I was going to go to the university of illinois, but as of right now i want to play baseball in college. I've had arm problems for the past 8 months, so when i went to scouting showcases i could only hit and not throw. I'm pretty sure i'm going to go to a junior college and play baseball for a couple years and then transfer over to a division I and play. Id love to go to illinois, but i have heard its pretty much impossible to play a sport and go through the engineering department.
It's like that at pretty much every engineering school, engineering is about the hardest thing you can do, and EE is one of the hardest engineering fields.

 
To the main topic, the actual use of resistors is not as interesting/useful as the concept of resistance. resistance = work using element. this gives rise to concepts like "resistance, as seen by X". eg, input and output resistances of an amplifier, which may be different than any physical resistor in the circuit. for example, a motor spins. applying a MECHANICAL load will cause the motor to draw more current. the 240V AC line stays fixed at 240V, thus the motor APPEARS to have a lower resistance. This is 100% correct -- the mechanical load uses energy that came from the 240V line!
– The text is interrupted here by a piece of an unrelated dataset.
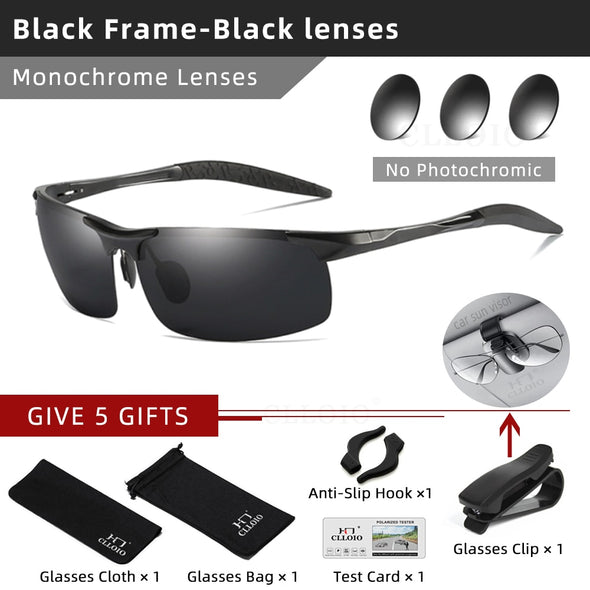 Top Anti-Glare Day Night Vision Glasses Men Driving Polarized Sunglasses Aluminum Rimless Photochromic Riding Goggles UV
eg, the input resistance of an emitter follower is possibly 100 times higher then the resistor used in the circuit. To apply a voltage across this resistor, the majority of current comes from ANOTHER power source (battery), and thus you have less current for a given voltage = higher inputer resistance.

and the output resistance of this circuit is also lower then any series resistance the source might have for the same reason -- if output current needed to increase, it would pull MOST of the current from the power supply NOT the source!

From here, ideas of the incremental resistance arise. This brings up the idea of "negative resistance". This only means that when the input signal increases, some OTHER power source forces a current back to the source. This applies to some oscillators where an RLC network (damped oscillator) is aided by adding some negative resistance to make the circuit into a full blown oscillator.

From there, the other amplifer types arise (transresistance - current to voltage, transconductance - voltage to current, voltage gain - voltage to voltage, current gain - current to current)

once concpets of reactance -- elements that store and release energy -- are added, you can start to see all kinds of interesting things.